As a physicist Hylleraas never possessed a transcending genius like, for instance, that of Bohr. His ability was mathematical, and indeed, he very nearly became a mathematician. His ingenuity and tenacity in forcing the mathematical solution of problems was amazing and recalls Sommerfeld, who was one of his heroes. The elegance and usefulness of many of Hylleraas’ methods—and indeed the extent to which they are now part of physics—are insufficiently appreciated. In his belief in the efficacy of a numerical and computational approach to physics, often combined with the use of calculating machines, he directly anticipated what is perhaps the main structure of modern science.

A modest, kind, and soft-spoken man, Hylleraas revealed a simplicity and humanity no doubt derived from a happy childhood, of which he spoke glowingly; and he always retained close ties with his native community. He trained two generations of theoretical physicists in Norway, and perhaps in retrospect his best efforts were directed toward teaching. He never shirked that part of his responsibility, and he worked long and fruitfully as a popularizer. In Norwegian physics he ranks second only to Bjerknes.
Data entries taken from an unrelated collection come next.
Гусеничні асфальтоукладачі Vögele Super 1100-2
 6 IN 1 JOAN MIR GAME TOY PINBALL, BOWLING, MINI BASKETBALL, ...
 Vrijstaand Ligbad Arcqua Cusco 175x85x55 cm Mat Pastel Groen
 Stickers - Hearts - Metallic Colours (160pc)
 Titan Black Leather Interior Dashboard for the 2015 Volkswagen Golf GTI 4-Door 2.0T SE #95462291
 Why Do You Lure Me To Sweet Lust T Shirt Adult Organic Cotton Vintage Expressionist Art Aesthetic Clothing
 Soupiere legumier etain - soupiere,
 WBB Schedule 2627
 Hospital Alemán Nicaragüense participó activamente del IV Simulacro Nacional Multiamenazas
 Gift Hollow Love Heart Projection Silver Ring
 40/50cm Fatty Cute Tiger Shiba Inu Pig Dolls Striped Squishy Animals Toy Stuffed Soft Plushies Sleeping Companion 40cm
Hylleraas received a number of honorary degrees, memberships, and prizes. In 1963 the University of Florida arranged a symposium on atomic and molecular physics in his honor, and it was this event that probably brought him the greatest pleasure.

BIBLIOGRAPHY

I. Original Works. Hylleraas’ “Reminiscences From Early Quantum Mechanics of Two-Electron Atoms” is in “Proceedings of the International Symposium on Atomic and Molecular Quantum Mechanics in Honor of Egil A. Hylleraas,” in Review of Modern Physics, 35 , no. 3 (1963), 421; his Matematisk og Teoretisk Fysikk, 4 vols. (Oslo, 1950–1952) is now available in an American ed., Mathematical and Theoretical Physics (New York, 1970).

II. Secondary Literature. A short biography of Hylleraas, including a comprehensive bibliography, by O. K. Gjøtterud is in Nuclear Physics, 89 (1966), 1–10. The best biography and evaluation is H. Wergeland, “Egil A. Hylleraas 15.5. 1898–28.10.1965,” in Fra Fysikkens Verden, 28 (1966), 1–10.